Description of problem: Liveness probe failing for osd, mds, mon pods causing pods to restart very frequently and often the pods are in CLBO state. Version-Release number of selected component (if applicable): OCS 4.8.9 Environment: OCP is running on Vspehere How reproducible: In customer's environment Actual results: Pos are restarting due to liveness probe failure Expected results: Liveness probe should not fail Additional info: In the next private comment
The issue of liveness probe failing has been reported in the past also with an older versions and we have multiple of fix regarding this. We can need to check if this version ocs 4.8.9 has those fix.
The most common reason for Liveness probe failure is due to lack of cpu/memory or node being slow. Did you try increasing the time for the liveness Probe if that helps? Also, please share must-gather to debug further. Thanks
To verify this bz, describe any ceph pods{osd,mgr,mon} and check the `TimeoutSeconds` inside `Probe` section.

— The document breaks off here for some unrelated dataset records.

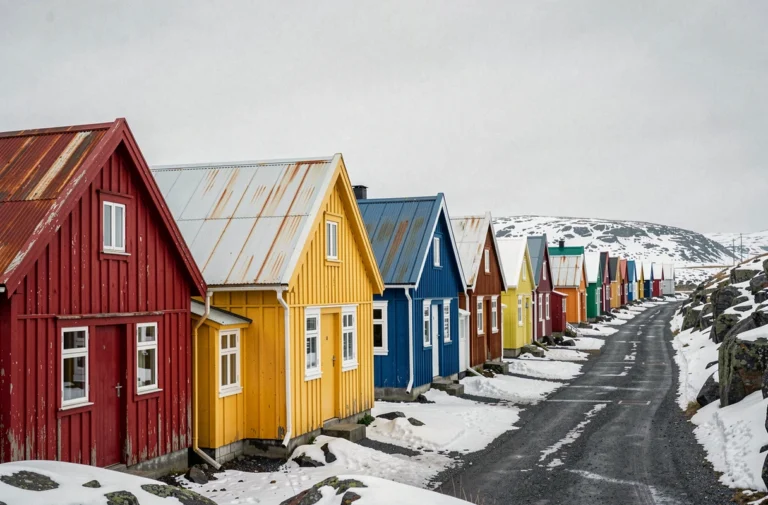 Rangée de maisons colorées traditionnelles au Groenland avec façades rouges, jaunes et bleues sur fond de paysage arctique enneigé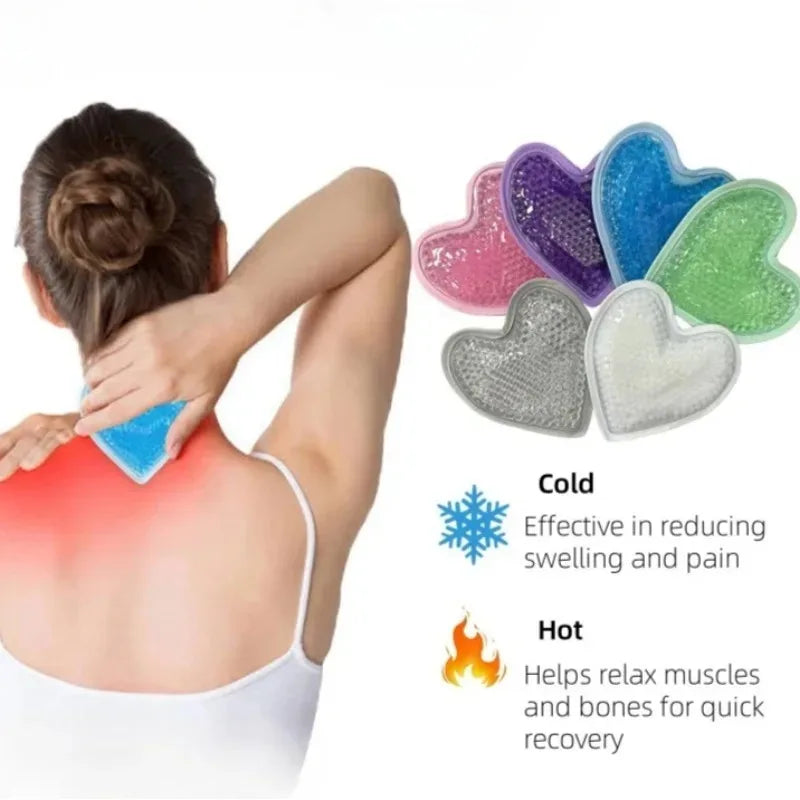 Heart Shaped Ice Pack Hot & Cold Therapy - Reusable Gel Pack for Pain Relief, Swelling, First Aid, Muscle Soreness
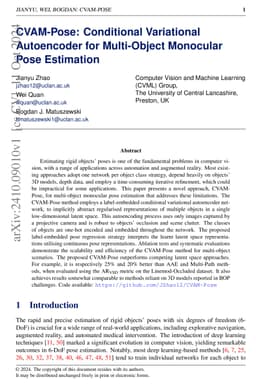 CVAM-Pose: Conditional Variational Autoencoder for Multi-Object
  Monocular Pose Estimation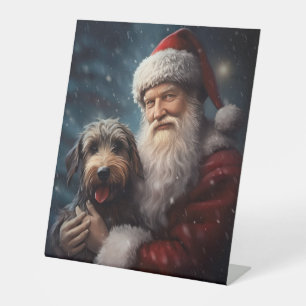 Airedale with Santa Claus Festive Christmas  Pedestal Sign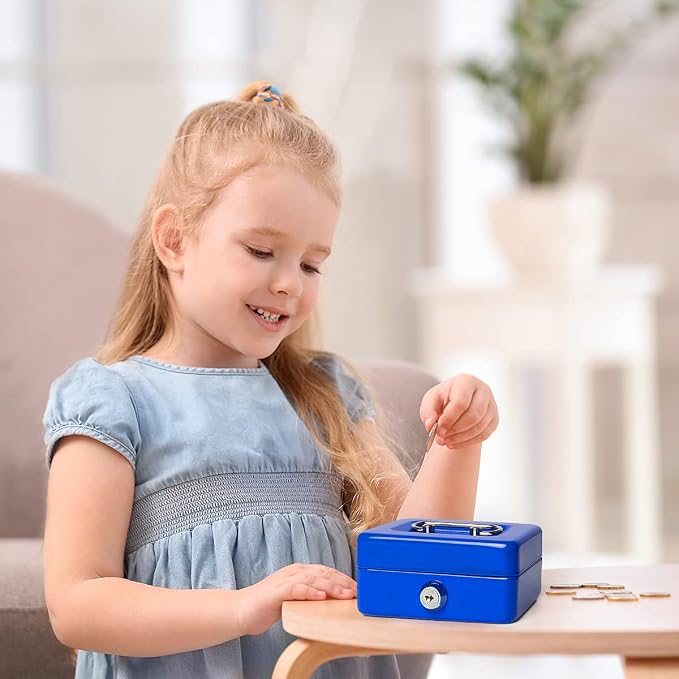 Jssmst Small Cash Box with Lock and Slot, Metal Coin Piggy Bank for Adults and Kids, Blue Locking Money Box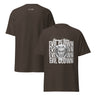 Black t-shirt with 'Evil Clown' graphic design on a white background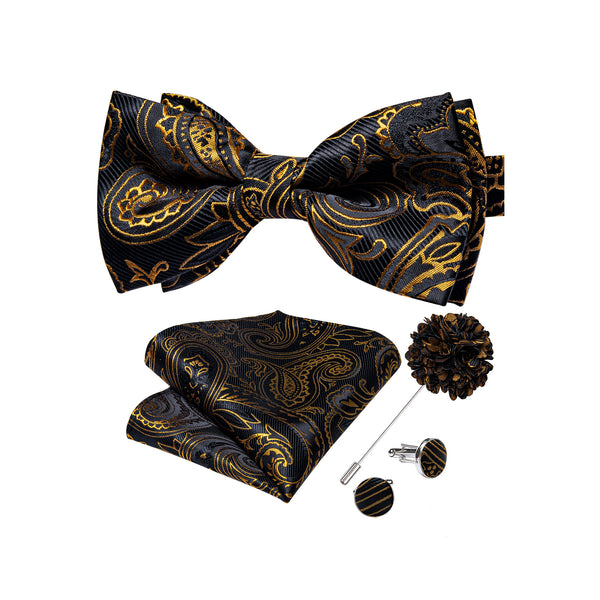 Black Golden Paisley Pre-tied Silk Bow Tie Pocket Square Cufflinks Set with Lapel Pin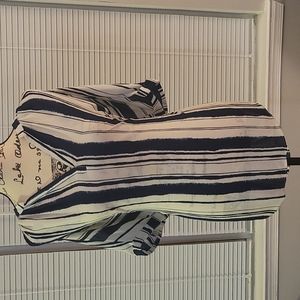 A.N.A Navy Blue/White Large V Neck Blouse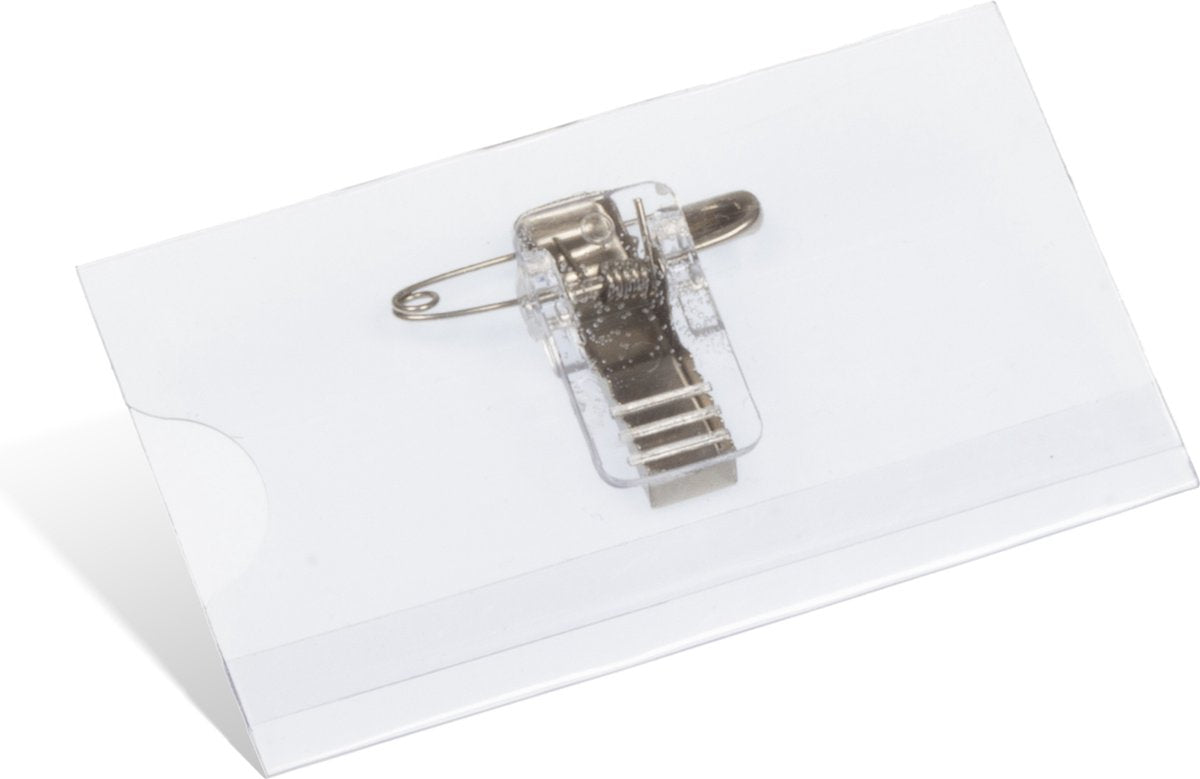 Kangaro naambadge - 40x75mm - met clip, speld en insteekkaartjes wit - doos 24 stuks - k-44100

Verified bug by checking the `TimeoutSeconds` inside `Probe` section of osd,mgr,mon pods cluster details- [auth]$ oc get clusterversion NAME VERSION AVAILABLE PROGRESSING SINCE STATUS version 4.11.0-0.nightly-2022-07-19-104004 True False 15d Cluster version is 4.11.0-0.nightly-2022-07-19-104004 [auth]$ oc get csv NAME DISPLAY VERSION REPLACES PHASE mcg-operator.v4.11.0 NooBaa Operator 4.11.0 Succeeded ocs-operator.v4.11.0 OpenShift Container Storage 4.11.0 Succeeded odf-csi-addons-operator.v4.11.0 CSI Addons 4.11.0 Succeeded odf-operator.v4.11.0 OpenShift Data Foundation 4.11.0 Succeeded Pasting here output of oc describe of ceph pods. Mgr pod - image: quay.io/rhceph-dev/rhceph@sha256:5adfc1fde0d2d7d63e41934186c6190fd3c55c3d23bffc70f9c6abff38c16101 imagePullPolicy: IfNotPresent livenessProbe: exec: command: - env - -i - sh - -c - ceph --admin-daemon /run/ceph/ceph-mgr.a.asok status failureThreshold: 3 initialDelaySeconds: 10 periodSeconds: 10 successThreshold: 1 timeoutSeconds: 2 Mon Pods- livenessProbe: exec: command: - env - -i - sh - -c - ceph --admin-daemon /run/ceph/ceph-mon.b.asok mon_status failureThreshold: 3 initialDelaySeconds: 10 periodSeconds: 10 successThreshold: 1 timeoutSeconds: 2 name: mon OSD Pods- livenessProbe: exec: command: - env - -i - sh - -c - ceph --admin-daemon /run/ceph/ceph-osd.0.asok status failureThreshold: 3 initialDelaySeconds: 10 periodSeconds: 10 successThreshold: 1 timeoutSeconds: 2 name: osd hence marking it as verified.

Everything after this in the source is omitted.